(Dataset records)
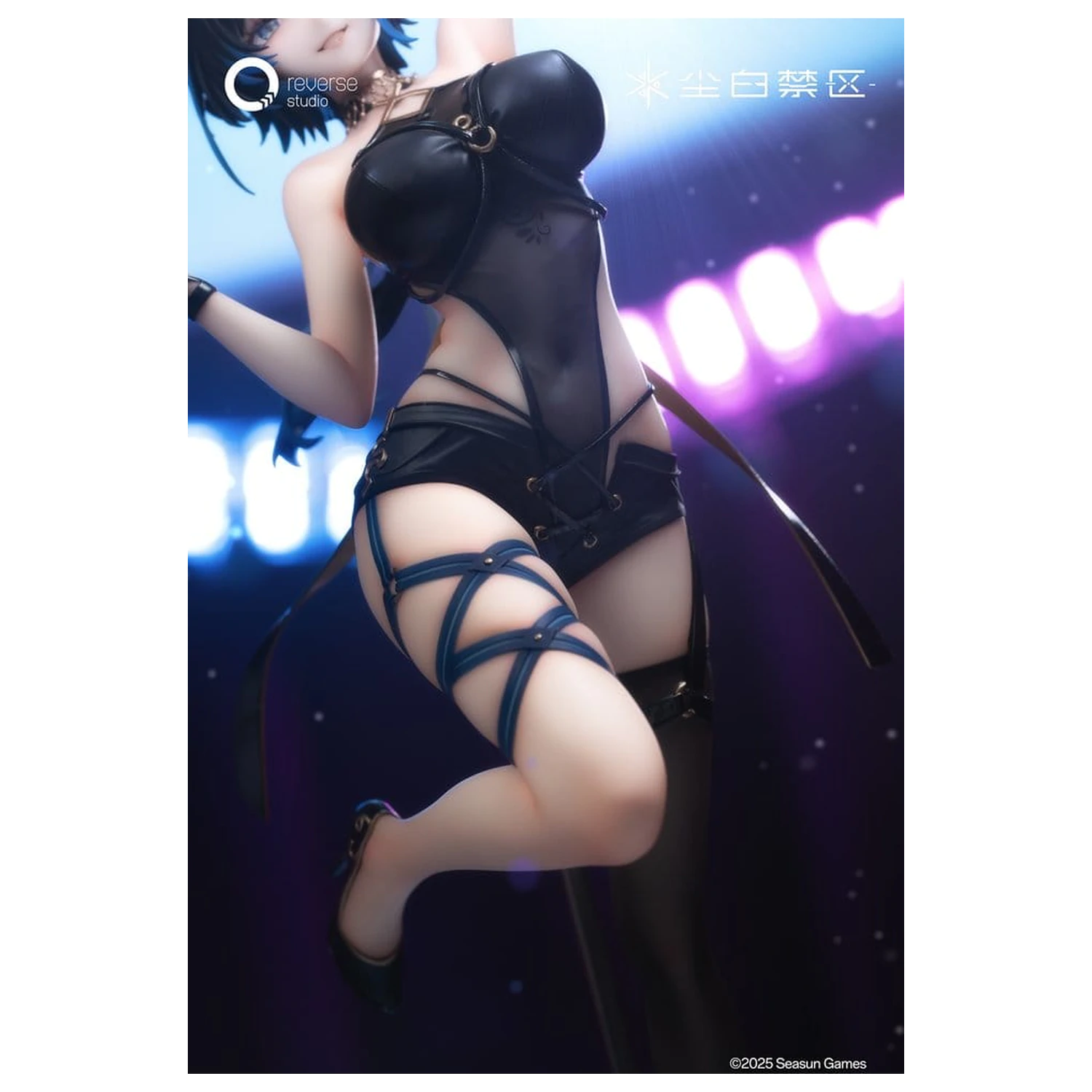 Girls Frontline Statue 1/7 Katya Danger Dancer Ver. 25 cm zdjęcie produktu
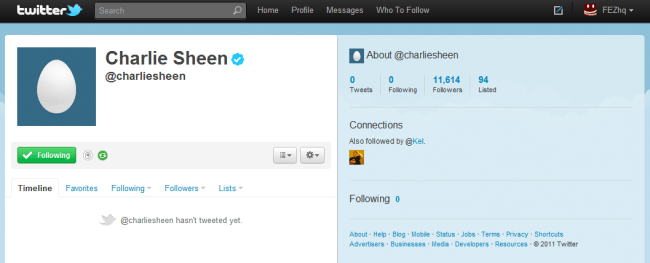 Look who Just Joined the Internet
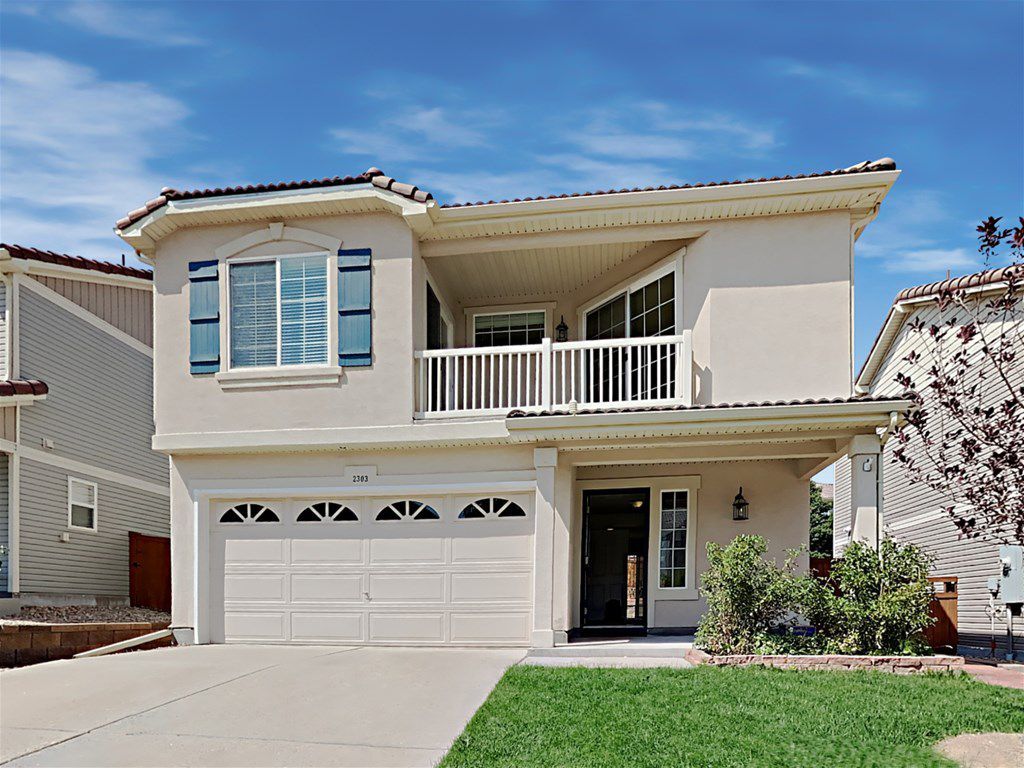 2302 Quartz St, Castle Rock, CO 80109 House Rental in Castle Rock, CO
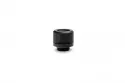 Conectores EKWB Quantum Torque HDC 12mm Negro 6 unidades para tubos rígidos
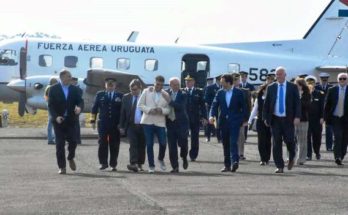 Intendencia de Salto y Corporación América Airports realizarán tareas en conjunto en el aeropuerto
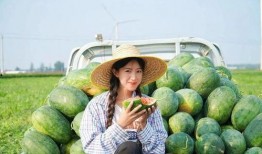 麦小登吃瓜照片,萌态十足引网友热议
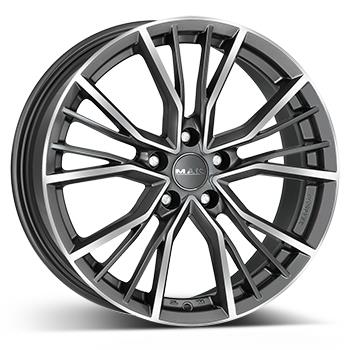 MAK Union Gun Met-Mirr. 8,5x20 5/112 ET20 CB66,5 R14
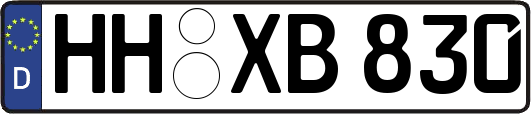 HH-XB830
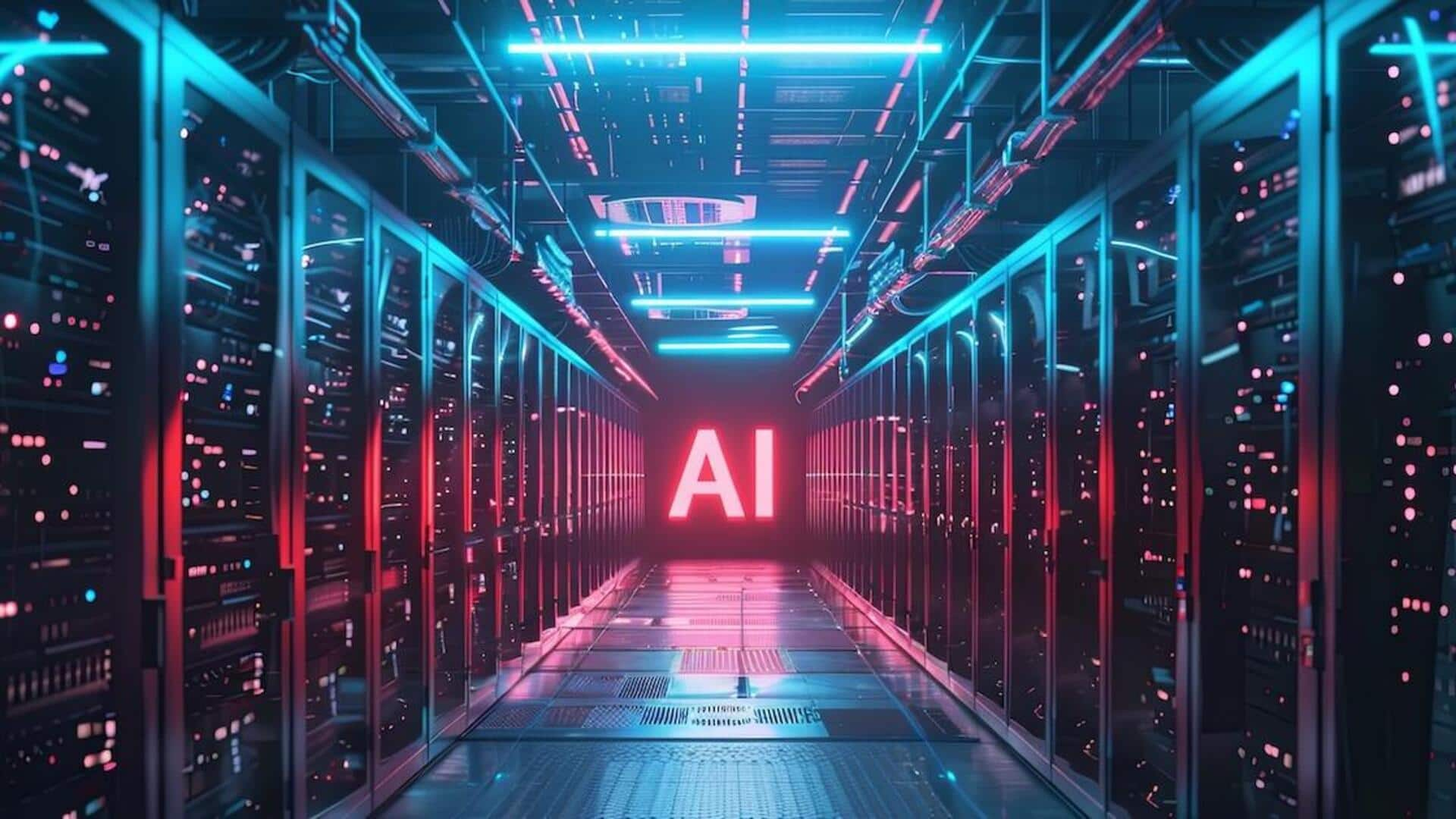 Telangana: AI data center cluster to be built for ₹10,000cr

• _Your instructions_
Skip all pictures. Copy exactly the lines from the one containing "2302 Quartz St, Castle" through the end of the records, both ends included.

• _Result of this exercise_
 2302 Quartz St, Castle Rock, CO 80109 House Rental in Castle Rock, CO
 Conectores EKWB Quantum Torque HDC 12mm Negro 6 unidades para tubos rígidos
 Intendencia de Salto y Corporación América Airports realizarán tareas en conjunto en el aeropuerto
 麦小登吃瓜照片,萌态十足引网友热议
 MAK Union Gun Met-Mirr. 8,5x20 5/112 ET20 CB66,5 R14
 HH-XB830
 Telangana: AI data center cluster to be built for ₹10,000cr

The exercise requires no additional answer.